The days passed more enjoyably, taking up both his loneliness and mine. His spirit was attached to mine. The game was merely a way of breaking the suffocating obligatory silence. It was a sweet preoccupation. Luckily and out of the blue, I now had for myself a meager alphabet—an alphabet which spread camaraderie, compassion, and continuance, nourishing a heart that the impermeable walls and cold emptiness had dried up.

I had never given much thought to any deep-seeded revelation hiding behind sounds until I lived those days with my anonymous friend. I could sense his concerns, his happiness and sadness by the tone of his “ahem”s—whether they quivered or were lax, whether they were thrust forward or retained hesitancy, whether they emitted an injurious staccato or were replete with power—they nested close to my heart.

Because it was forbidden for prisoners to utter a word, our scheme was sweet and therapeutic. We entertained ourselves by changing the sounds, looking for new words to add to our recently discovered “language. We would yawn loudly to express boredom or the desire to sleep, and would sneeze forcefully to wake each other up. We even added jokes to our special new language.

After meals were distributed, we coordinated drawn out “ahem”s and flirtatious coughs intimating whose share was bigger and more delicious than the other’s. He usually beat me to the first “ahem.” To annoy him I would follow with two similar coughs not because my food was any more delicious or plentiful, but just to pay him back and tease him.

For a few days, before what happened happened, I tried to see him by widening the hole. We had agreed upon a sound that would signal the moment he leaves his cell; and so I saw him—because the only unfulfilled element of our friendship was seeing each other with our own eyes—because we lived together like two blind men unwittingly brought together in one cell. We decided that if one of us was late or delayed, the other would clear his throat rapidly, and if he forgot, though rarely he forgot, he would be reminded with a scolding “ahem.”

Did I forget to let out a “guard cough” that day? Was my surveillance and reassurance too late? So that it was he who let out the first angry and scolding cough.

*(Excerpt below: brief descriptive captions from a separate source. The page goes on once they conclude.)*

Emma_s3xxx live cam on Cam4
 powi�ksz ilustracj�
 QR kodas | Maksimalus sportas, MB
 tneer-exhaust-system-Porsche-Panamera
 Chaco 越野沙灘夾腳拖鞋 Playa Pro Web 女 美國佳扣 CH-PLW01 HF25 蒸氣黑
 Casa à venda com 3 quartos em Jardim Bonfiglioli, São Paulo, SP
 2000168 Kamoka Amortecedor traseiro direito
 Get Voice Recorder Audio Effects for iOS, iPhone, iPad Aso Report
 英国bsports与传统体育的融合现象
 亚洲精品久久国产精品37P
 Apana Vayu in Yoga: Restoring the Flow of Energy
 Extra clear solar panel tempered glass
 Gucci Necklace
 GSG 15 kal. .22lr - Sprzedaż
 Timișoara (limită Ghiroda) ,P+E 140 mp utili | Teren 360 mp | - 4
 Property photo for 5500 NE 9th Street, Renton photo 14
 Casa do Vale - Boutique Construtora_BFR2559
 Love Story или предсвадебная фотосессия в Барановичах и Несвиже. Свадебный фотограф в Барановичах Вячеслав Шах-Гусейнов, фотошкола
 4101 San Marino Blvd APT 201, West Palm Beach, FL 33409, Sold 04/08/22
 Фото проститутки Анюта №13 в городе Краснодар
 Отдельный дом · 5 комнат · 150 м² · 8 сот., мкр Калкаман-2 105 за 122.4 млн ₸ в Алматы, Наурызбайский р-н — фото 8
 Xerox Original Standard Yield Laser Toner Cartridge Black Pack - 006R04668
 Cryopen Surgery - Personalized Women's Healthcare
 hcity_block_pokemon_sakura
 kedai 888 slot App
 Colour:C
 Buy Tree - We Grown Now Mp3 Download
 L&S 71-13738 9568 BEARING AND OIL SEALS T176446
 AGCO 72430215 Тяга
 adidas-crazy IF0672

I didn’t cough after I heard his. I immediately removed the nail and peered through the hole. I was surprised by the stealthily hunched guard, most of whom was hidden behind the hall door. I withdrew in fear. The vocalizations of my friend grew louder, more animated—changed. I tried to peek through the hole again, but noticed the guard was still in the same sly position and on the move. I cleared my throat trying to release a small cough. It felt confused. I tried and tried, but the sudden turning of the guard’s key beat me to it and covered up the sound of my friend’s voice. Then, as if slowly ripping a dress, the thud of flesh on flesh resounded—hissing, crashing—one after another. Then, for me, guilt or that I had unwillingly deceived him, overcame me.

The guard left. With every step he moved farther away. I was slipping into an abyss of sad and raw pain. After this silence reigned. A silence I had not heard the likes of a day since I entered the cell. I gnashed my teeth and rose with agonizing fear toward the hole. An empty hole of light. I spit. I cleared my throat. The coughs clashed with the silence and returned. I shouted out my coughs. Then I prepared myself . . . he didn’t respond. I pleaded. I felt my coughs collapsing, dilapidated and weak. I kept crying out, then questioning, then joking as if it were mealtime, but my voice began to resemble the yelps of a hungry and cold puppy whimpering in a dark and narrow hall where nothing is heard except the reverberation of his lone hollow echo.

Like a seashell closing down on its own darkness, the stream of light withdrew from my cell, shutting its wall on my cold, cold body.